Book Review: How to Read, by J.B. Kerfoot, 1916
Subject: Third Area of Involvement of J. B. Kerfoot’s Constructive and Critical Orientation of Learning How to Read:: The Driving Impulses for Reading and the Direction Reading Should Take
This is the fourth blog entry out of a series of seven blog entries on reviewing How to Read, by J. B. Kerfoot. It will consider the third area of involvement of Kerfoot’s constructive and critical orientation in learning how to read: the Driving Impulses for Reading, and the Direction that Personal Reading Should Take. Each will be examined.
The blog entry of September 22, 2023 considered the second area of involvement, the handling of word meanings. The blog entry of September 20, 2023 considered the first area of involvement, reading as producing a mental movie. And, the blog entry of September 15, 2023 gave an introduction to the book and considered the meaning of the title page inscription of the book, “Reading is a form of living.”
Please note that the italicized words in the quotes taken from the book are the author’s emphasis and are not my added emphasis.
The Driving Impulses for Reading and the Direction that Personal Reading Should Take
The third area of involvement in Kerfoot’s constructive and critical approach to reading is taken from Chapter Four (“What’s the Use”) and Chapter Five (“A Sense of Direction”).
Kerfoot says the reasons for reading lie in two impulses, which are two opposite human needs. One need is “to find one’s self”. This is to learn more about something – getting closer to reality and putting things in order for one’s self by gaining information, ideas, and knowledge in a complex and chaotic world. The opposite impulse is “to get away from one’s self” – to seek a respite, to get away from the chaotic and complex world.
In essence, one need is stepping into the world and the other is stepping away from the world. Both are feeling one’s way in the world. They are the two modes that anything is read and how Kerfoot believes people conduct their lives in general. To quote Kerfoot: “Not alone in our reading, but our lives, alternate between these two moods; are conducted in these two modes; are governed by these two appetites, urges-call them what you will,- this desire to do, and this desire to shrink from doing; this recurrent keenness personally to master reality, and this recurrent craving to escape from consciousness of its tyranny; this longing to ‘find ourselves,’ and this longing to ‘get away from ourselves’.”[i]

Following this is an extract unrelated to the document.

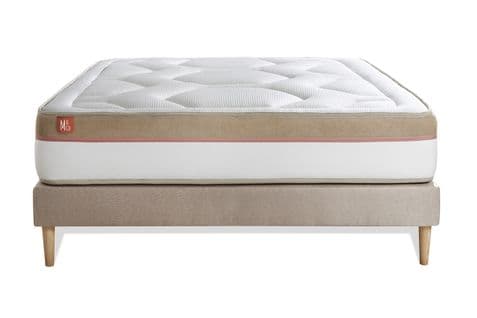 Ensemble Matelas Memoire De Forme 140x190 Le Cosy Ep:30 Cm - Sommier Kit Beige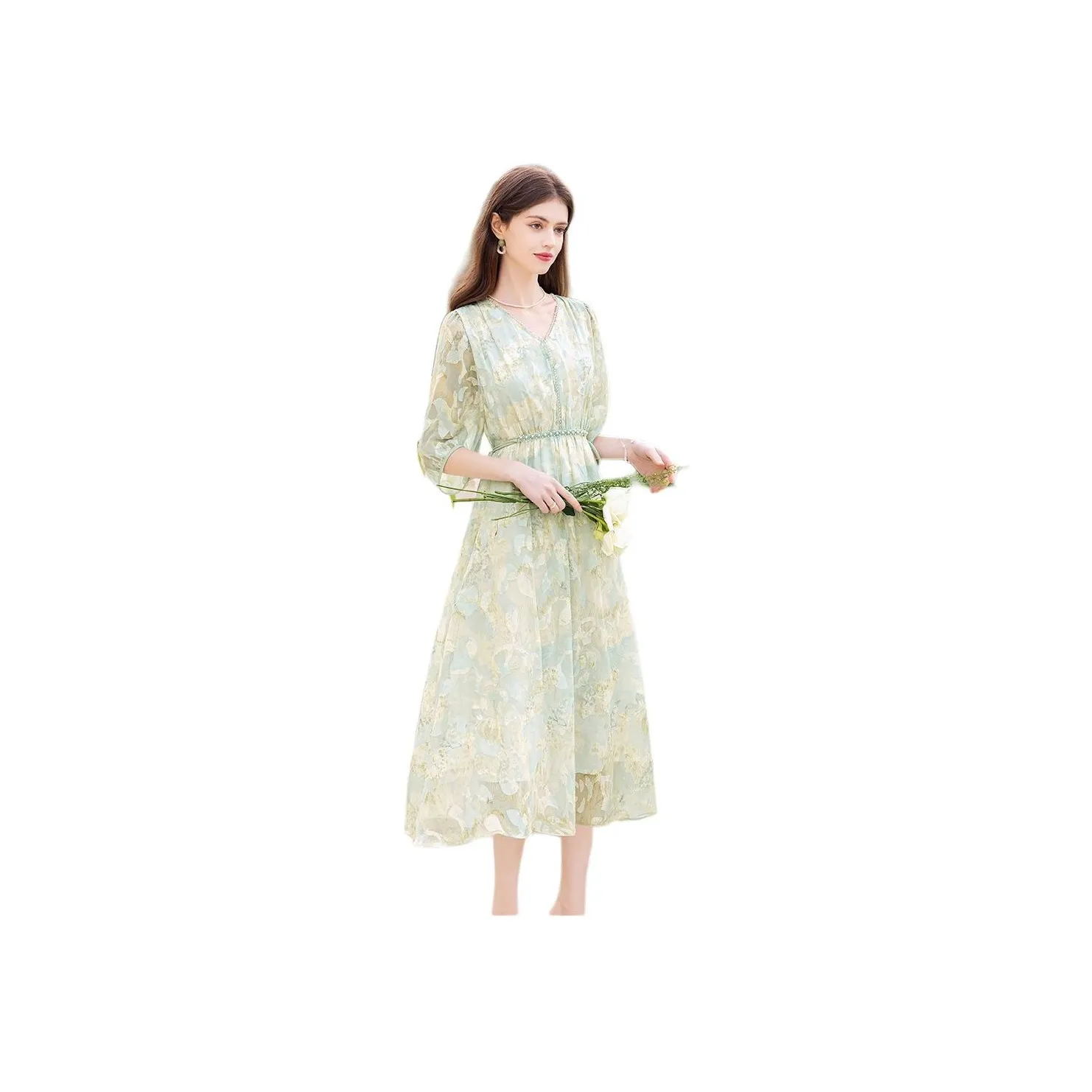 PLANE DRIFT Long Sleeved Dresses Women's Light Green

Kerfoot puts an intermediary need between the two poles of needs and that is the need to play. Play is recreation for refreshment, which is an outlet for enacting human potential. In adults when reading this equates to seeking out of the multiple potential selves that life has not permitted one’s self to be and satisfying the urges of these suppressed selves not allowed to emerge due to the exigencies of life. It is a way of finding out more about oneself in roles and scenarios one will not be able to live. To quote Kerfoot: “We are seeking relaxation by dramatizing some side of ourselves that is not usually free to function. We are, indeed, trying for refreshment by ‘find ourselves’ afresh.”[ii]
The reading needs are constructive modes of reading. The critical part is to guide these needs in order to progress in learning how to read. There two ways that can help this happen.
The first is understanding the meaning of the word, “read”. The root meaning of the word “read,” an Anglo-Saxon word, is to “take counsel.”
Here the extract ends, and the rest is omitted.